(Captioned web image data)
====================

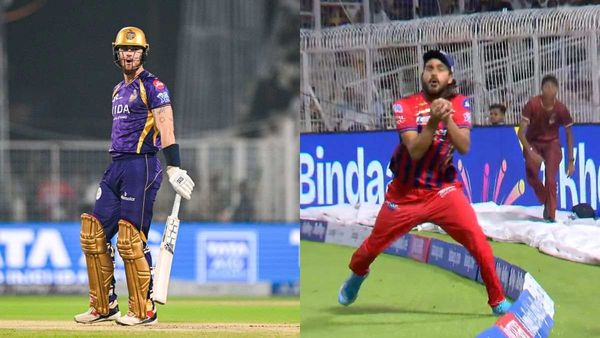 KKR vs LSG: आईपीएल में एक बार फिर खराब अंपायरिंग? फिन एलन के आउट पर विवाद, सोशल मीडिया पर हंगामा
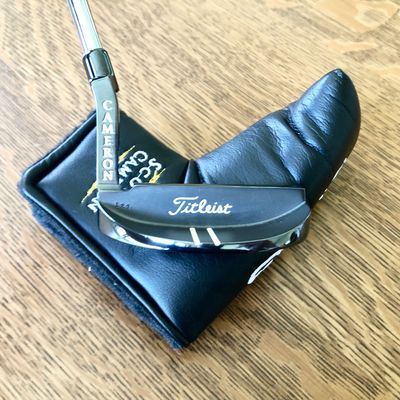 Scotty Cameron La Costa 1st of 500 35in Putter- Refinished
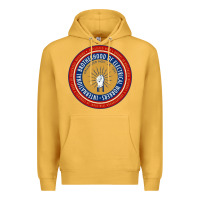 Mustard IBEW electrician 1 Premium Hoodie - Craftify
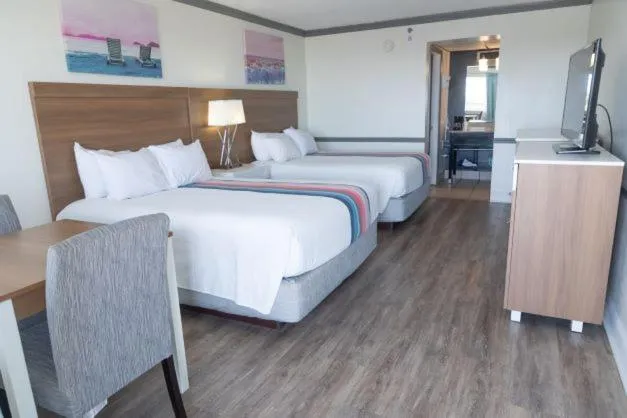 Bedroom, Bed in Admiral on Baltimore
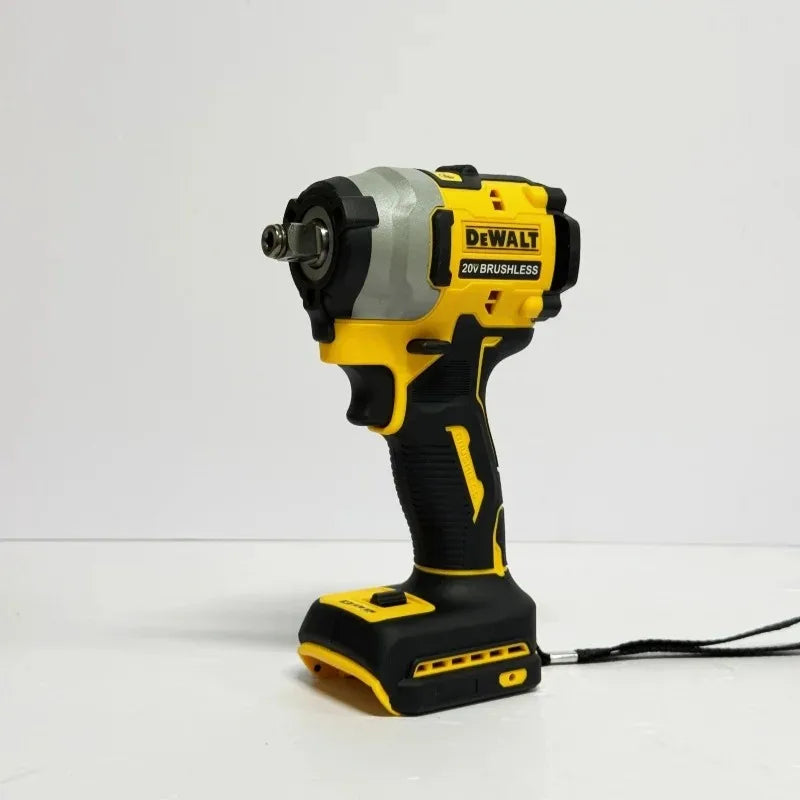 Genuine DeWalt DCF922 20V Lithium-ion Brushless Compact Impact Wrench Rechargeable Electric Wrench Socket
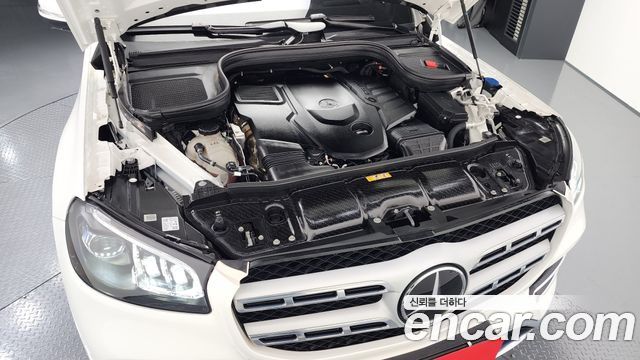 Mercedes-Benz GLS-Class X167 GLS400d 4MATIC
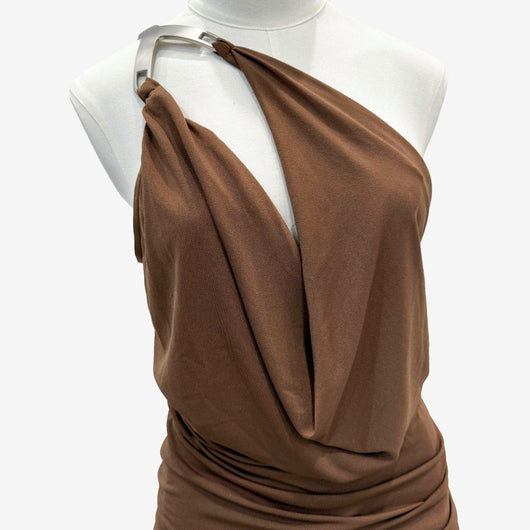 Top Ajustado con Espalda Descubierta y Hebillas Metálicas para Mujer - Image 33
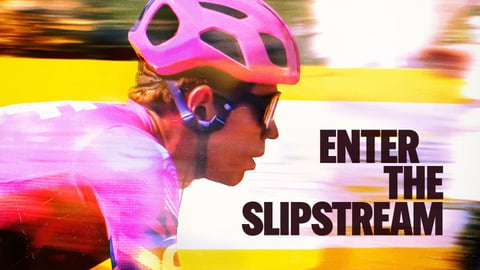 Enter the Slipstream cover image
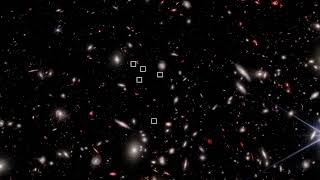 Classroom Aid - Early Galaxy Proto-Cluster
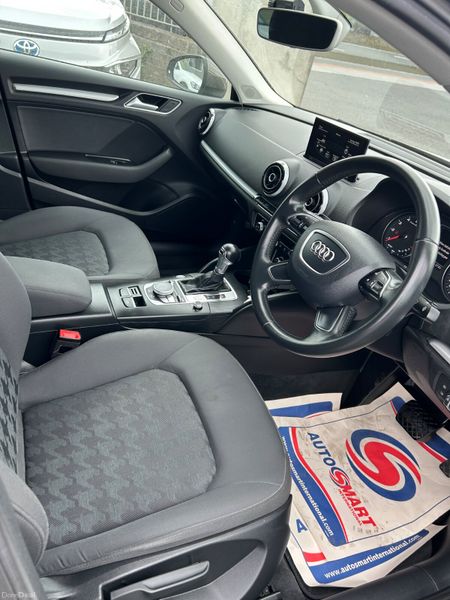 Audi A3 Saloon Only 51k KM 386550332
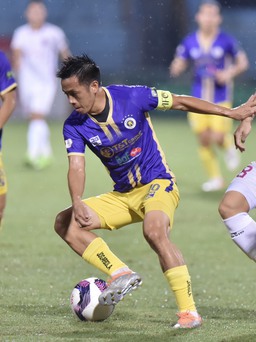 Bảng xếp hạng vòng 17 V-League 2022: Hà Nội FC gia tăng cách biệt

====================

ABOUT THIS EXERCISE:
Drop the images and quote the entries word for word.

ANSWER SPACE:
 KKR vs LSG: आईपीएल में एक बार फिर खराब अंपायरिंग? फिन एलन के आउट पर विवाद, सोशल मीडिया पर हंगामा
 Scotty Cameron La Costa 1st of 500 35in Putter- Refinished
 Mustard IBEW electrician 1 Premium Hoodie - Craftify
 Bedroom, Bed in Admiral on Baltimore
 Genuine DeWalt DCF922 20V Lithium-ion Brushless Compact Impact Wrench Rechargeable Electric Wrench Socket
 Mercedes-Benz GLS-Class X167 GLS400d 4MATIC
 Top Ajustado con Espalda Descubierta y Hebillas Metálicas para Mujer - Image 33
 Enter the Slipstream cover image
 Classroom Aid - Early Galaxy Proto-Cluster
 Audi A3 Saloon Only 51k KM 386550332
 Bảng xếp hạng vòng 17 V-League 2022: Hà Nội FC gia tăng cách biệt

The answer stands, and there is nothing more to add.